湯葉の作り方
湯葉とは、豆乳を煮てできる薄い膜を引き上げたものです。
近喜で作っている湯葉は、一般に生湯葉と呼ばれるもので、乾燥湯葉とは異なります。
近喜の湯葉には、巻き湯葉とつまみ湯葉の2種類がございます。
- 容器に豆乳を入れて、湯煎にかけ、そこへ木枠を落とし込みます。
- 豆乳をよく混ぜ、濃度を均一にします。
- しばらくすると、表面に膜が張ってきます。これが湯葉です。
つまみ湯葉は3〜4分、巻湯葉の場合は13分〜14分張らせます。
- ここで湯葉を引き上げます。
つまみ湯葉は中央に寄せて網ですくい上げます。
巻湯葉は、張った湯葉を軽く手で動かして、巻きやすくするために端を作り、それを棒で引き上げます。

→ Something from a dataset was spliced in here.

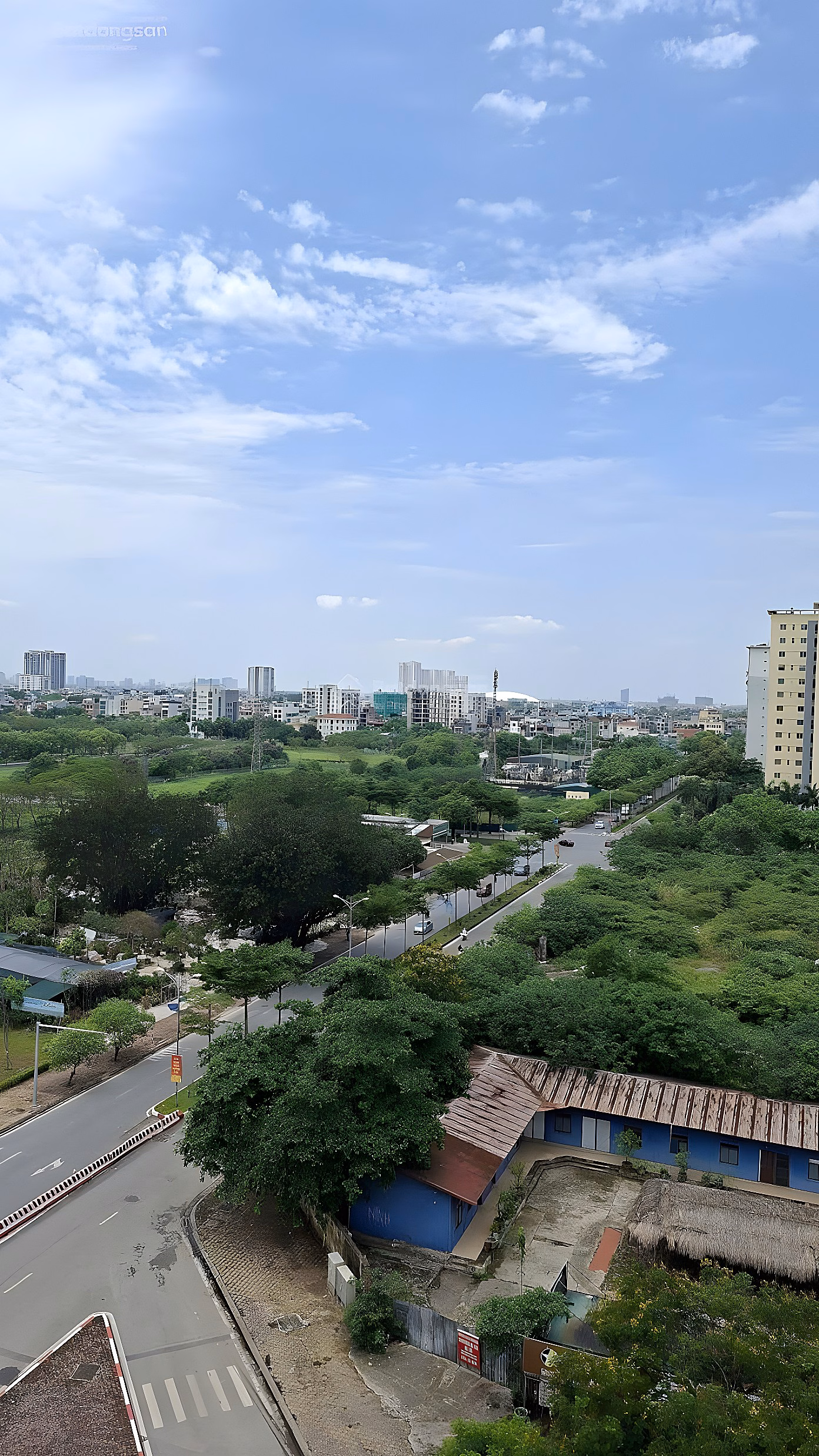 The owner sells a beautiful apartment in Viet Hung urban area, 100m2, 6 billion 1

その湯葉を、今度はまな板の上で四角い形に広げ、端から巻きます。
- 何度も湯葉を張らせてすくい上げる、という作業を続けていると、
だんだん豆乳が煮詰まって、濃度が高くなり、湯葉の張りが悪くなります。
そこで濃度を調整する必要があります。
濃度を調整するには、濃度が高くなってきた豆乳に新しい豆乳と水を加え、よくかき混ぜます。
これで再び湯葉が張る状態になります。
豆乳はまるで生き物のように常に状態が違います。
豆乳がさらっとしている時は、比較的、湯葉はきれいに張ってくれます。
しかし、どろっととしているときは、豆乳の機嫌が悪い時で、まったく湯葉が張らないこともあり、そんなときは冷や汗ものです。
そんな豆乳と日々付き合っていくことが、作り手の楽しみと同時に大変なところでもあります。